How to complete this task |
Copy exactly the lines of the records below, and only those lines, beginning with the line that contains "Whimsical Black Cat" and ending with the line that contains "indications concept infographic".
***** Records provided
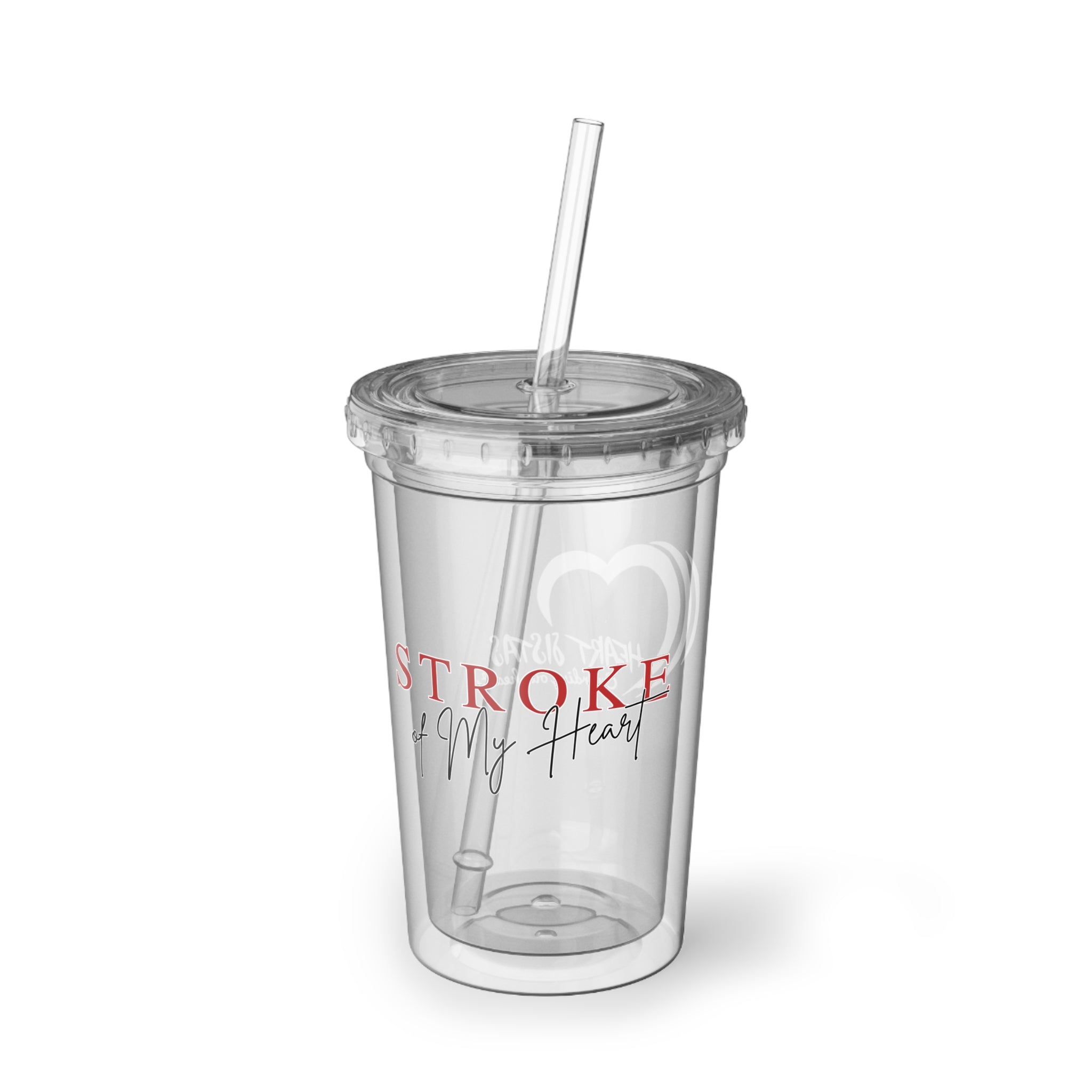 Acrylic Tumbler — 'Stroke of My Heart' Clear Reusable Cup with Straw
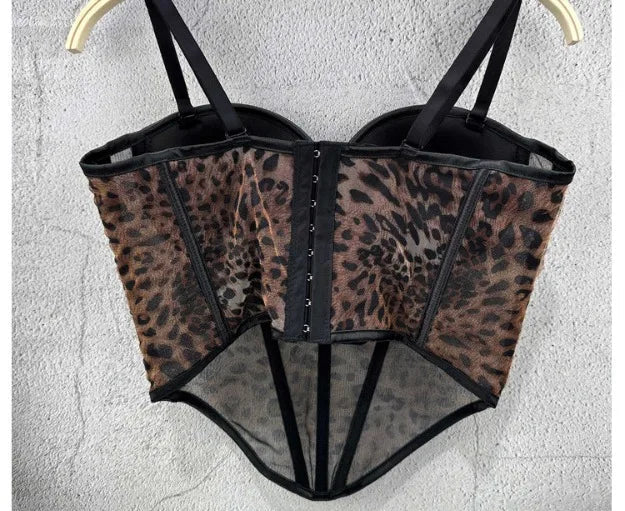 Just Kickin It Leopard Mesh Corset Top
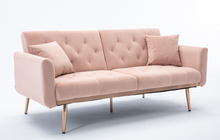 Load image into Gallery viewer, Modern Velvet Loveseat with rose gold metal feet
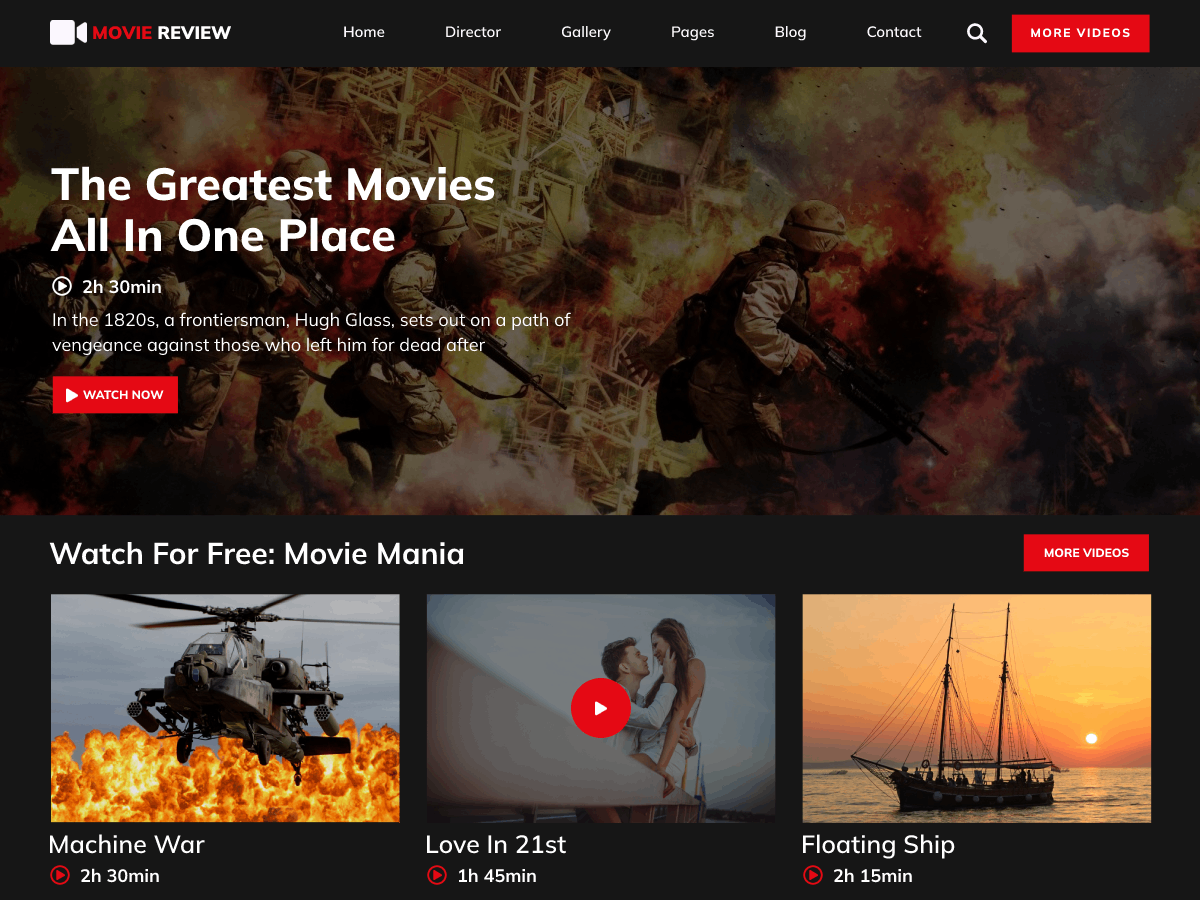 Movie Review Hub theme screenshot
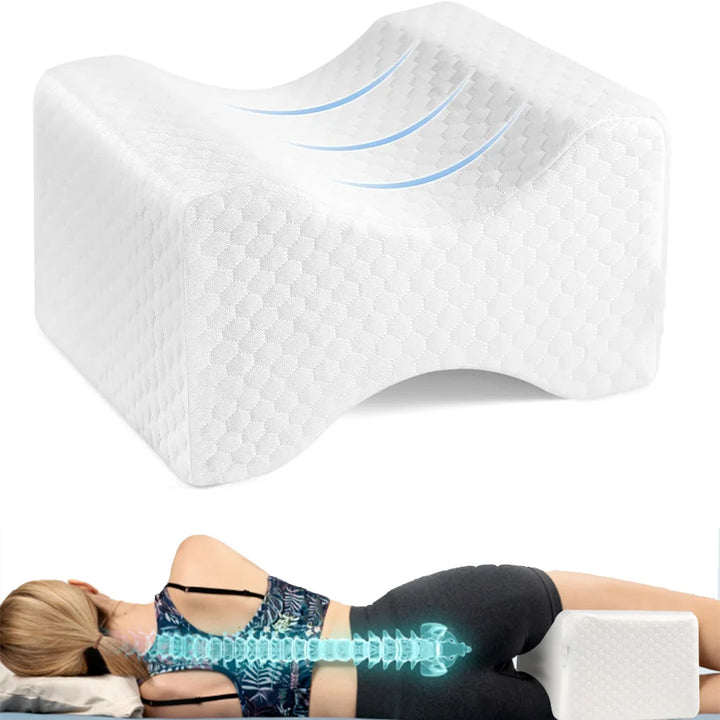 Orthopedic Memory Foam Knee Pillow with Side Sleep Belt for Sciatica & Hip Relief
**********
***** Records provided
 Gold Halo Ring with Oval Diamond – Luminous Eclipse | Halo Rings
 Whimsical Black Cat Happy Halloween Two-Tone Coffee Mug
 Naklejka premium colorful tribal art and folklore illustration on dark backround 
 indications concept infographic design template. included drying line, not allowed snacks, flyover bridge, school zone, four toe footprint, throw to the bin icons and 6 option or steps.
**********
***** Records provided
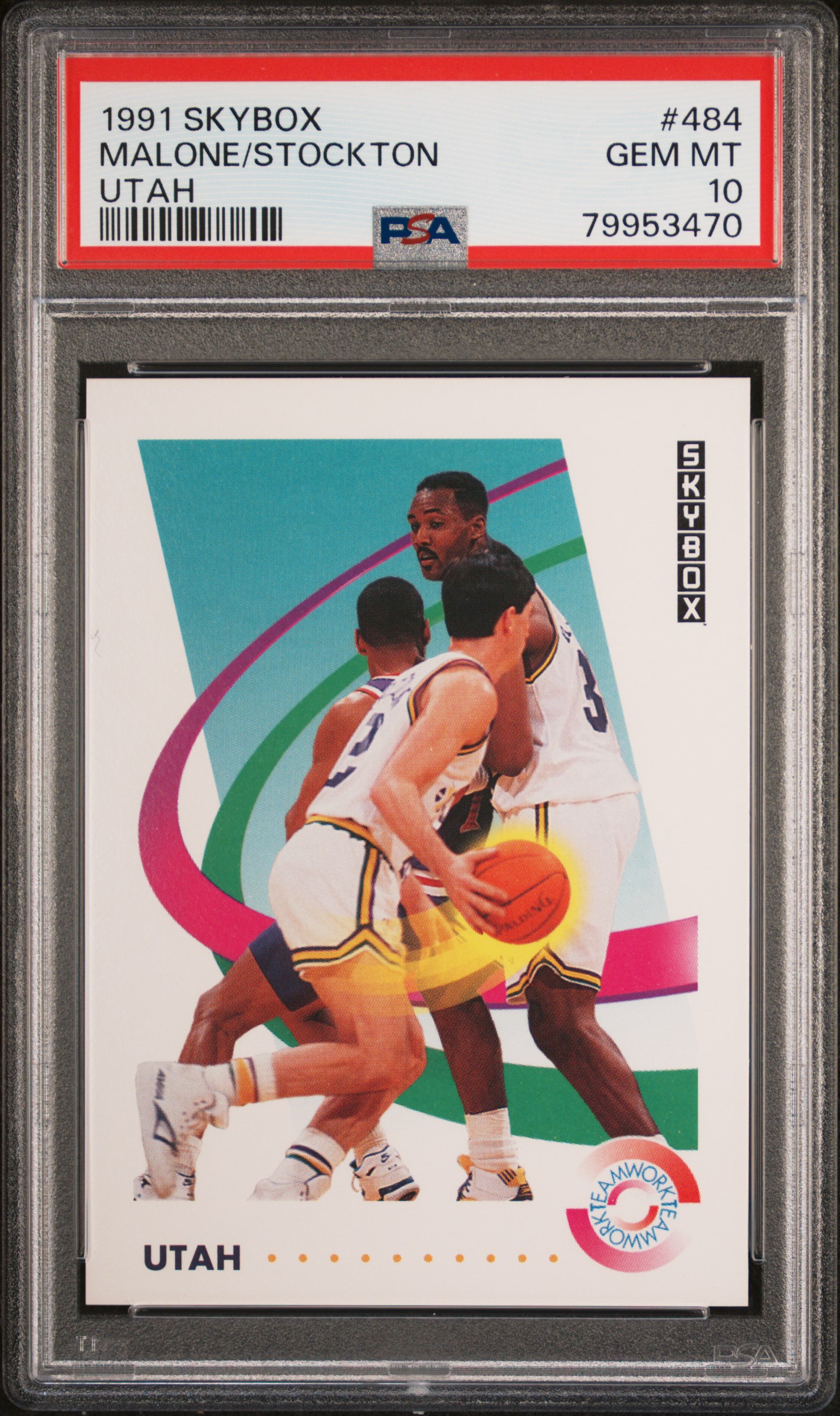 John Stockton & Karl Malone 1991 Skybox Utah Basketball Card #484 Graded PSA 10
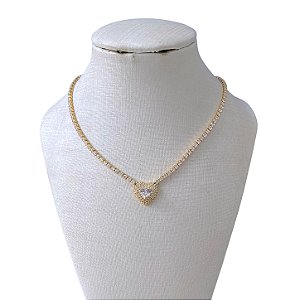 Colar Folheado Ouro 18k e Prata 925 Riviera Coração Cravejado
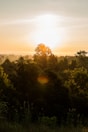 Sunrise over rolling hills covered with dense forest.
**********
Output of the task |
 Whimsical Black Cat Happy Halloween Two-Tone Coffee Mug
 Naklejka premium colorful tribal art and folklore illustration on dark backround 
 indications concept infographic design template. included drying line, not allowed snacks, flyover bridge, school zone, four toe footprint, throw to the bin icons and 6 option or steps.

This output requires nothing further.